Similar to the PCA, the SOM algorithm uses multiple numerical object properties, e.g. of a molecule, which together define an object specific n-dimensional vector. The vector may either consist of numerical column values or - as with the PCA - it may be a chemical descriptor. These object describing vectors are called input vectors, because their values are used to train a 2-dimensional grid of equally sized, but independent reference vectors (also called neurons).
The goal of the training is to incrementally optimize the values of the reference vectors such that eventually

  • every input vector has at least one similar counterpart in the set of reference vectors.
  • adjacent reference vectors in the rectangular grid are similar to each other.
The final grid of reference vectors should represent a rectangular area of smoothly changing property space, where every input vector can be assigned to a similar reference vector.

Cannabinoid receptor antagonists on a SOM with 50x50 neurons

The Cannabinoid receptor antagonists, which have been used in the PCA example, were arranged on a SOM considering the SkeletonShperes descriptor as similarity criterion. The background colors of the view visualize neighborhood similarity of adjacent neurons in landscape inspired colors. Blue to green colors indicate valleys of similar neurons, while yellow to orange areas show ridges of more abrupt changes of the chemical space between adjacent neurons. Colored markers are located above the background landscape on top of those neurons, which represent the compound descriptors best. This way very similar compounds huddle in same valleys, while slightly different cluster are separated by yellow ridges.
Please note that DataWarrior uses sub-neuron-resolution to position object on the final SOM. After assigning an object to the closest reference vector, any object's position is fine-tuned by the object's similarity to the adjacent neurons.

Comparing the SOM to the PCA concerning their ability to visualize chemical space, SOMs have these advantages: SOMs use all available space, while PCAs leave parts of the available area or space empty. The SOM takes and translates exact similarity values, while the PCA uses two or three principal components only to separate objects and, therefore, may miss some distinction criteria. High compound similarity is translated well into close topological neighborhood on the SOM. However, vicinity on the SOM does not necessarily imply object similarity, because close neurons may be separated by ridges and represent different areas of the chemical space, especially if the number of reference vectors is low.

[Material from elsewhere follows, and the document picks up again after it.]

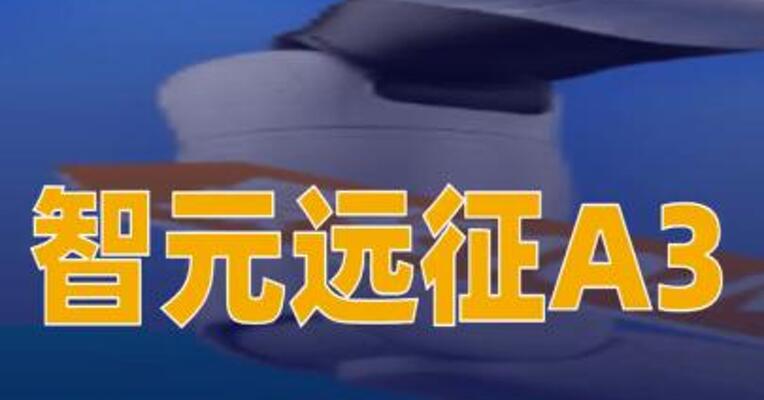 智元远征A3正式上线擎天租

One may also check how well individual objects match the reference vectors they are assigned to. For this purpose DataWarrior calculates for every row a SOM_Fit value, which is the square root of the dissimilarity between the row's input vector and the reference vector the row is assigned to. As a rule of thumb, SOM_Fit values below 0.5 are a good indication of a well separating SOM.

The SOM algorithm is a rather simple and straightforward one. First the input vectors are determined and normalized to avoid distortions of different numerical scales. The number of values stored in each input vector equals the number of numerical columns selected or the number of dimensions of the chosen descriptor. Then a grid of n*n reference vectors is initialized with random numbers. The reference vectors have the same dimensionality as the input vectors.
Then a couple of thousand times the following procedure is repeated: In input vector is selected randomly. That reference vector is located, which is most similar to the input vector. This reference vector and the reference vectors in its circular neighborhood are modified to make them a little more similar to the selected input vector. The amount of the modification decreases with increasing distance from the central reference vector and it decreases with the number of modification rounds already done. This way a coarse grid structure is formed quickly, while the more local manifestation of fine-granular details takes the majority of the optimization cycles.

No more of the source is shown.